Students Discussion Works Towards Campus Change

Students gathered in the Intercultural Center (IC) building on Monday afternoon for an event titled “Toward Future Coalition Building: Revisit Spring 2013 Student Demands.” The room was packed, with students filling both seats and the floor. Several members of staff were also present.

Matthew Chen ‘17, one of the organizers,  said the impetus of the event “was to revitalize the energy that was created from the Spring 2013.”

Laura Laderman ‘16 and Sanaa Ali-Virani ‘15 facilitated the event, which kicked off with a writing activity. Participants were to discuss with those next to them on what changes they wanted to see in Swarthmore, and whether the college is meeting their needs. After that, those present shared their thoughts in a large-group discussion.

Participants raised many issues they saw with the College—often met with snaps if the audience found a sentiment particular insightful. The first few grievances concerned the seeming lack of student’s ability to affect dynamic change in the College. People called for a change in the way the Board of Managers operated and are elected, while others called for more student input before the administration enacts policy.

People called on the Board to spend more money from the endowment, echoing calls from previous editorials. Some proposed improving the committee system so that the agenda is not set by just one staff member. Emphasis was put in distinguishing between listening to students versus actually allowing students in the decision-making process.

A large topic of discussion was to introduce a student calendar of events, which related to many in the room who came from a variety of cultural and activist groups. They wanted to ensure that events don’t clash between student groups, and if so, consider the possibility of holding joint events.
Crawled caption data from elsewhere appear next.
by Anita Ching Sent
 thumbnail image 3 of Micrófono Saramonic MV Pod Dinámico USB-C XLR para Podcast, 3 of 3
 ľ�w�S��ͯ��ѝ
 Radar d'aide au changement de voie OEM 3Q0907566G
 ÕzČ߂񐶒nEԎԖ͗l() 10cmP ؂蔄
A former attempt at this calendar by the Student Council was recalled, although the project is now taken up by the Office of Student Engagement (OSE).

One student said faculty should be more empathetic to students wanting to prioritize attending certain events over academic work. A staff member then raised the issue of how the existence of student events are not being relayed effectively to faculty and staff members. The staff member said communication was key to gain understanding and trust for all stakeholders.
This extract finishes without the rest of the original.